The left hand of the scale is the hardest leads, the harder 9H being the lightest. The right hand of the scale is the softer, blacker leads, giving dense, black cover. The darkest and softest being the 9B.

I hear tell of a 20 grade range made by Koh-i-Noor…but these are the things of myth and legend. Or are they?

Derwent Sketching and Onyx

There’s not much to criticize about Derwent’s chunky Sketching and Onyx range. They are fun to use, with broad sweeps of graphite, dark inky marks with deep shine and especially dark graphite in the Onyx collection.

The Sketching collection comes in 3 grades – HB, 2B and 4B all with a lightfast rating of 8. Derwent claim they are great for “Quick, bold stroke for freestyle sketching” and they are absolutely right.

The Onyx collection comes in 2 grades: Medium and Dark. Both are darker than a 9B graphite pencil, with dense, jet-black tones that can be controlled by pressure. They hold a fine point for a while and have a 4mm core.

 

 

 

Derwent Graphic

Derwent really spoil us artists don’t they?  This collection contains 24 pencils: 9B, 8B, 7B, 6B, 5B, 4B, 3B, 2B, B, HB, F, H, 2H, 3H, 4H, 5H, 6H, 7H, 8H and 9H. These pencils have

hexagonal barrels making them easy to grip and are all a high lightfast rating of 8. Every pencil you could want. Unless you like the Sketching and Onyx ranges too. And I do.

 

 

 

 

 

Caran D’Ache Technograph

These really look and feel like old-school pencils. The bright yellow livery takes me back 10 years to my school years. Ahem. What do you mean 30 years?!
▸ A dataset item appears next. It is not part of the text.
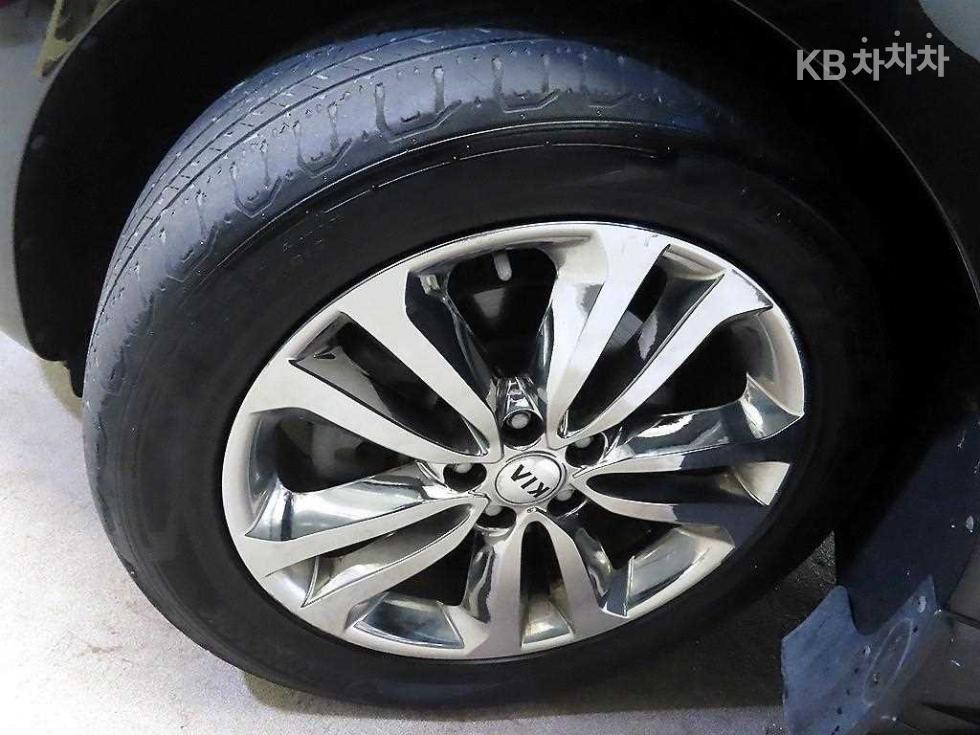 Kia Carnival — miniaturë 20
These come in 12 degrees of hardness: 6B to 4H and are hexagonal barreled too. They are very, very light in your hand which I haven’t yet decided is a good thing. Yes, you feel free and can sketch as fast as you like, but I also like the feeling of a nice, solid pencil. It’s a personal thing I guess and the cores are great so I am just being picky.

 

Faber-Castell 9000

Matching the dark green of their coloured pencils, Faber-Castell’s 9000 range is housed exactly the same and the livery of the pencils match too. My tin comes in 12 degrees of 2H to 8B. I love these pencils – responsive, clean and black leads. The F pencil is my very favourite pencil – not because it shades well, blends well or anything like that, but simply because it gives a light, fine, confident line for drawing outlines that cover well with coloured pencil. It is Mr Reliable.

 

Staedtler Mars Lumograph 100

A lot of artists cite their love for these pencils and it surprised me at first. Staedtler is a name I associate with school days and reliable pencils and erasers. So to find so many artists using these in their artwork raised eyebrows.
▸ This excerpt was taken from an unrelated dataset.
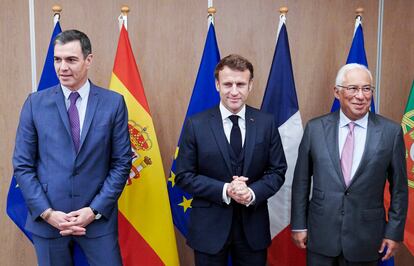 Sánchez, Macron y Costa, este jueves en Bruselas.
They come in 16 degrees of hardness: 8B to 6H, though in this collection you get 19 pencils, you get duplicates of 6B, 4B and 2B. Their desirability is in the details: clear lines, break-resistant, subtle differentiation of shades, easy to sharpen, easy to erase and handsome livery. Plus they’ve got the coolest name. Lumograph. Cool.

 

Derwent Charcoal / Sketching Watersoluable / Natural Graphite

The Derwent Natural Graphite are nifty little squared blocks of solid graphite that resist rubbing off on your hand and making a mess. They come in 3 versions of which you get 2 sticks each: Hard, Medium and Soft. The Hard is maybe a little too hard and I found it difficult to get a good consistent line. But the Medium and the Soft are wonderfully responsive and smooth across what I consider quite rough, cold-pressed paper that I use for all my test swatches. They blend smoothly too. The square blocks mean that you can do detailed work with the corners and broad swatches with the edges. These are very good for sketching freely on a large scale project and just for having fun really.
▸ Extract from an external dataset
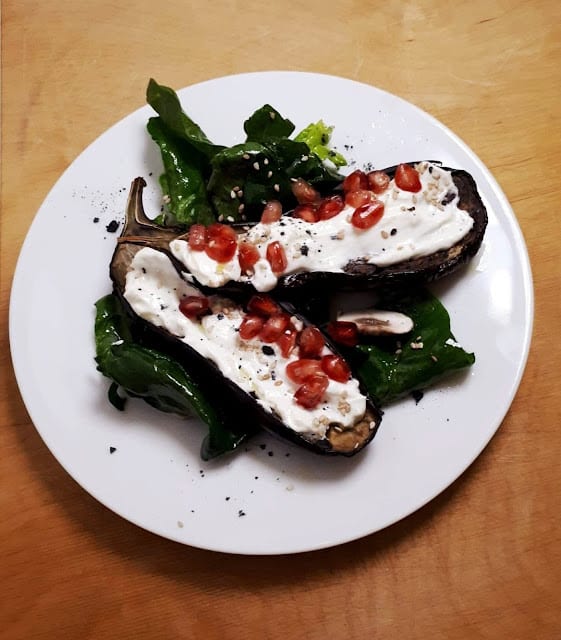 Aubergines grillées au thym yaourt et grenade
The Derwent Charcoal selection comes with 3 versions too: Dark x 2, Medium x 2 and Light x 1, plus a white Tinted Charcoal pencil. These are naturally watersoluable too which means you can have a little extra fun. Now, I am not a fan of charcoal, it’s way too messy, but these pencils give you the clean control that I prefer. Also when you lay down the charcoal isn’t very dusty or messy, which was a surprise to me. The give you a lot of control and I can see me using these for sketching and pastel works when the darks need to be punched up. A lovely little collection in a silver tin with a sharpener.

These are the Derwent Watersoluable Sketching pencils. I already have these in the normal version and I love the chunky barrels with a broad core that smoothly sweeps along a support. I had to have the watersoluable version too and I wasn’t disappointed. Too much. It comes in 3 versions: Light Wash, Medium Wash and Dark Wash. You’ll see by my test swatch that the Light and Medium don’t dissolve the lines completely – well, neither does the Dark to be fair but it is less noticeable. You do get a lovely inky wash though from the Dark and I think these are best considered for pushing your graphite drawings, adding a new dimension.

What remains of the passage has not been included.